Only 5? How about a 3hr long playlist? XD
Moments in the Mountains - Madison Olds
Eyes on the Prize - Arkells 
Armor - Sara Bareilles 
Rise - Katy Perry
Some Kind of Hero - Felix Hagan & the Family
conspiracy theory: what are your OC's beliefs? are they skeptics or do they believe easily? who acts on blind faith? who needs to see to believe?
Oh she’s definitely not a skeptic. I mean even aside from living in a world where magic is every day and very strange things happen all the time, she’s pretty willing to believe unless shown reasons not to.
After all she left home after a dream that she decided was a message from her god (Doramond the Forge King) telling her it was time for her to go out in the world. He didn’t even make an appearance in said dream it was just her, but she woke up with a feeling so she followed it.
I don’t know if her faith can be considered blind in that she is literally a paladin and literally has been granted divine powers but she is filled with a fierce conviction that would be pretty hard to shake and she doesn’t expect more proof or guidance than she’s already got.
compass: who's the moral compass? in general: what are your OCs' morality like? do they have high morals, or not? are their morals self imposed, or do they base their morals on religion/family/influence of others?
Arryn’s morals are steady as a mountain. She believes first and foremost that the innocent and helpless should be protected. She also believes that those with the means to help others should do so and standing by while others get hurt/ suffer when you could do something isn’t much better than causing harm yourself. She believes that hard work, doing your best, and always striving to do better is important.
She definitely believes strongly in the tenants and oaths of the Earthwardens (homebrew paladin order/subclass that can be found here) and while some of her beliefs may be reinforced by her time training to be one of them I think that, among other reasons, she was so fiercely determined to become one of the Earthwardens (despite it being a predominantly dwarven order and the training being more suited to the larger stronger dwarves than the tiny halfling girl among them) because their tenants already resonated strongly with her. 

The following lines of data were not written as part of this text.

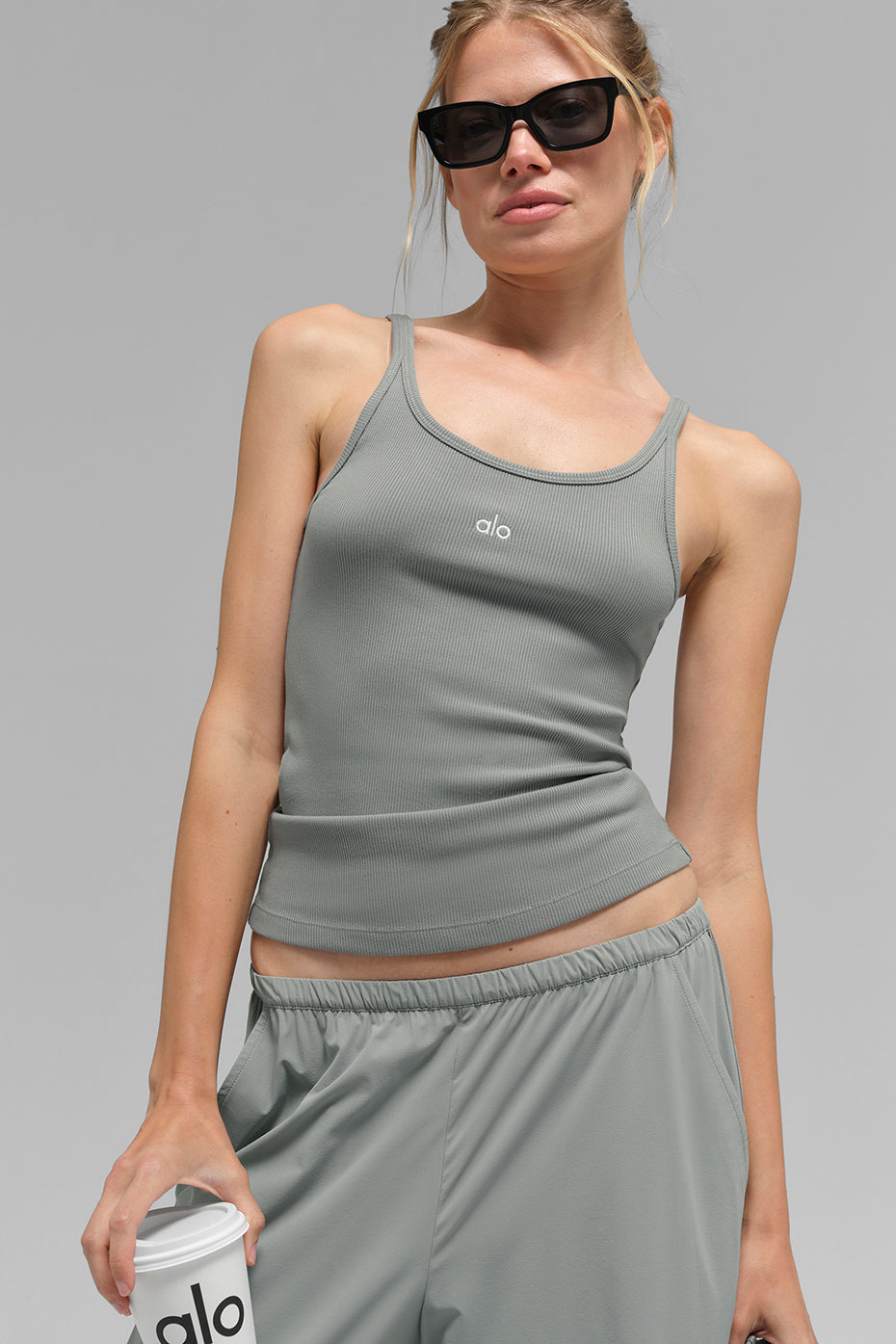 El esencial Prosper Rib-Top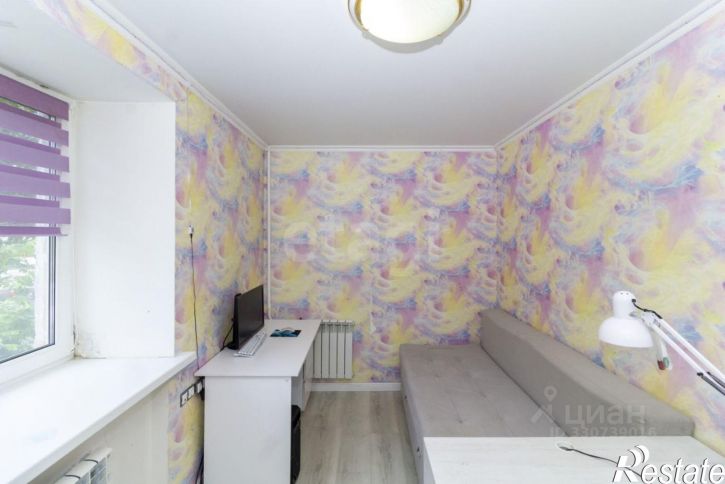 3-комн квартира Волгоградская улица, 111,  д. 111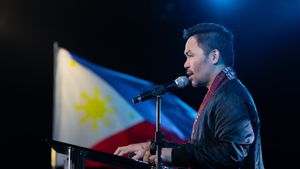NOC Filipina Perjuangkan Manny Pacquiao Tampil di Olimpiade 2024 Paris 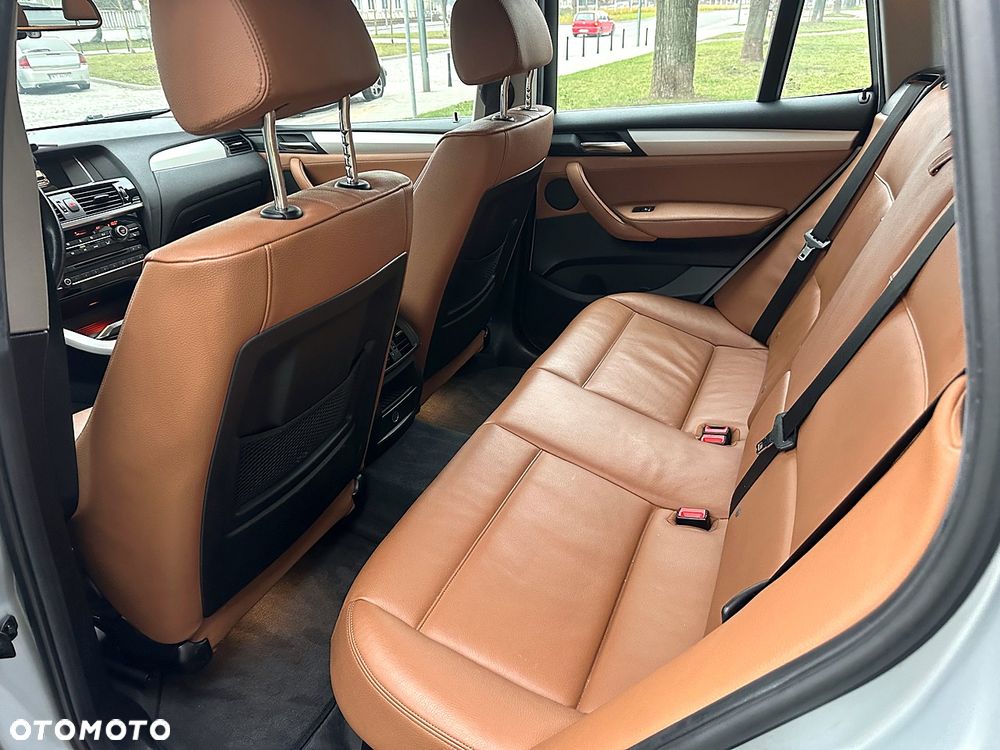 BMW X3 xDrive30d - 9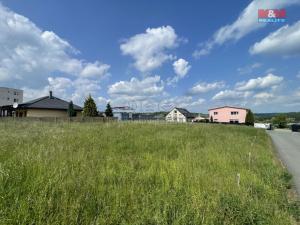 Prodej pozemku pro bydlení, Rakovník, Luženská, 1120 m2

I think her parents would probably have held similar beliefs too. And there is an Earthwarden that profoundly influenced her at a young age, too. That whole nature vs. nurture thing is always difficult to sort out.
If you want where she struggles morality-wise that would be pride, she doesn’t like anything that pricks it and she’s been known to be a little rash and quick to anger (not that she was ready to fight that guard who made the “What? You think you’re tough?” comment at her or anything). And this also shows in how easily she’ll fall into competitiveness and avoids admitting when she isn’t good at something or can’t do something she said she would.
She also wants other people’s approval and respect more than is maybe healthy and can be goaded into doing something she’s not hundred percent sure is the right action (but doesn’t conflict with her central beliefs) if she thinks someone would respect her less/ like her less/ feel hurt if she didn’t... especially if it’s someone she wants to like her and isn’t certain what the right course is.
parachute: who does your OC(s) trust the most? who makes them feel safe? who would they do absolutely anything for?
Her adoptive father (Alin) and brother (Kunain). Alin had been a very good friend of her parents and took her in without hesitation after her parent’s death and she found a steady, safe and loving home with them. She would very literally do almost anything for them or to protect them.
Anytime she is uncertain or they’ve run into bad situations or she’s doubted her decisions she’s wished Alin was there for a hug and some calm advice/reassurance. 
And during the more awkward moments travelling with this party just trying she’s wished more than once for the easy banter that she got used to with Kunain. She’s glad Puff is around to lighten things but she still feels like she’s walking on eggshells where Siggrit is concerned and she doesn’t like it. Especially because she feels like she’s the only one holding the party together and has to be more serious and professional so that they’ll take her seriously.